> Task description
Copy out the whole listing exactly as given. Skip the pictures.

> Data provided
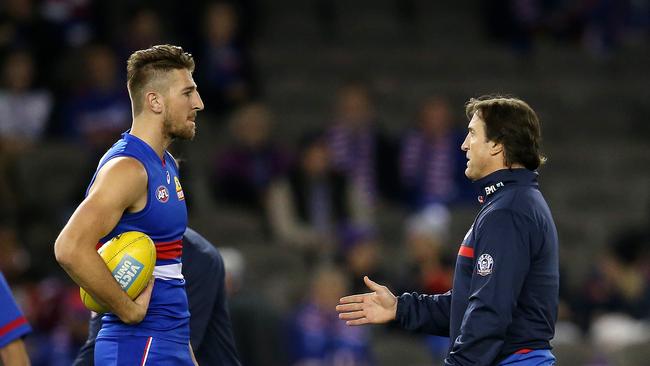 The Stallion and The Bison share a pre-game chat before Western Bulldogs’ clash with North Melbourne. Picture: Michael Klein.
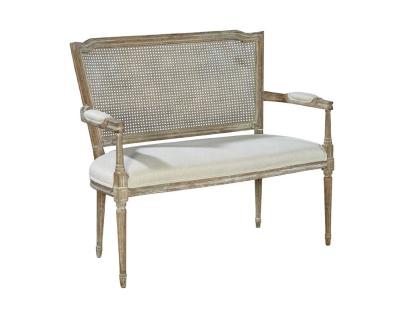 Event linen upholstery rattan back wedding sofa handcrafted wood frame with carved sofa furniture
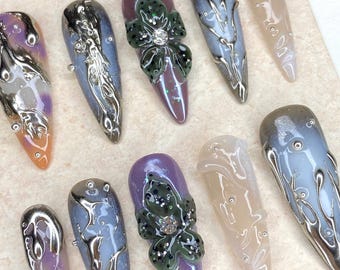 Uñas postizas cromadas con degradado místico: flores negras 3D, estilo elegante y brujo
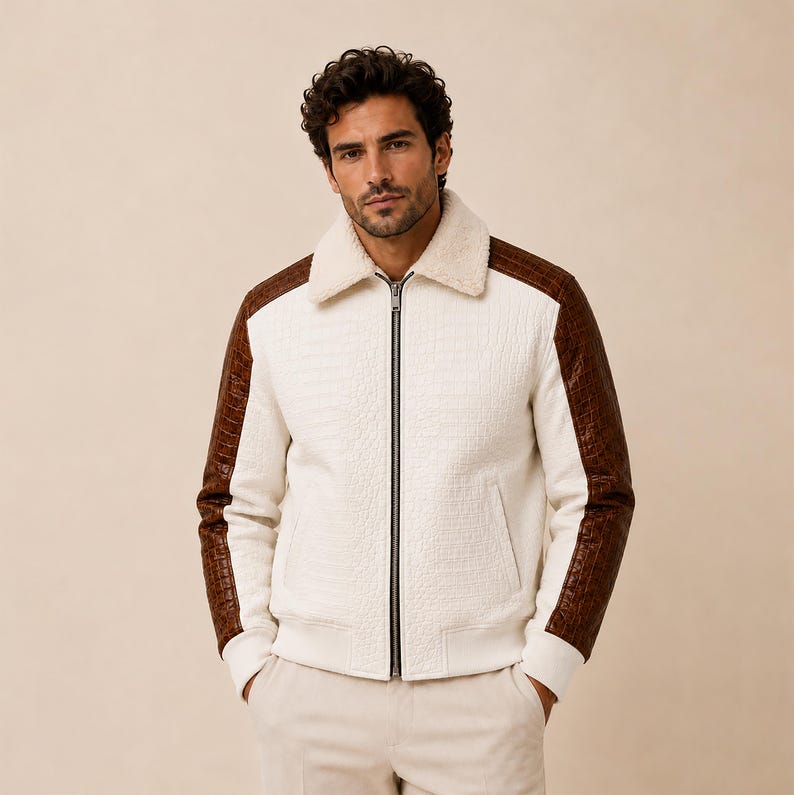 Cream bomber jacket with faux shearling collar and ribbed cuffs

> Reply
 The Stallion and The Bison share a pre-game chat before Western Bulldogs’ clash with North Melbourne. Picture: Michael Klein.
 Event linen upholstery rattan back wedding sofa handcrafted wood frame with carved sofa furniture
 Uñas postizas cromadas con degradado místico: flores negras 3D, estilo elegante y brujo
 Cream bomber jacket with faux shearling collar and ribbed cuffs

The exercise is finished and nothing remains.